» INSTRUCTIONS FOR THE TASK
Please retype the listing below without a single change.

» DATASET SECTION
* * * * * * * * *

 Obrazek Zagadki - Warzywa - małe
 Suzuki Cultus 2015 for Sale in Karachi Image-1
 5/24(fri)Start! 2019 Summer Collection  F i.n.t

* * * * * * * * *

» SOLUTION TO THE PROBLEM
 Obrazek Zagadki - Warzywa - małe
 Suzuki Cultus 2015 for Sale in Karachi Image-1
 5/24(fri)Start! 2019 Summer Collection  F i.n.t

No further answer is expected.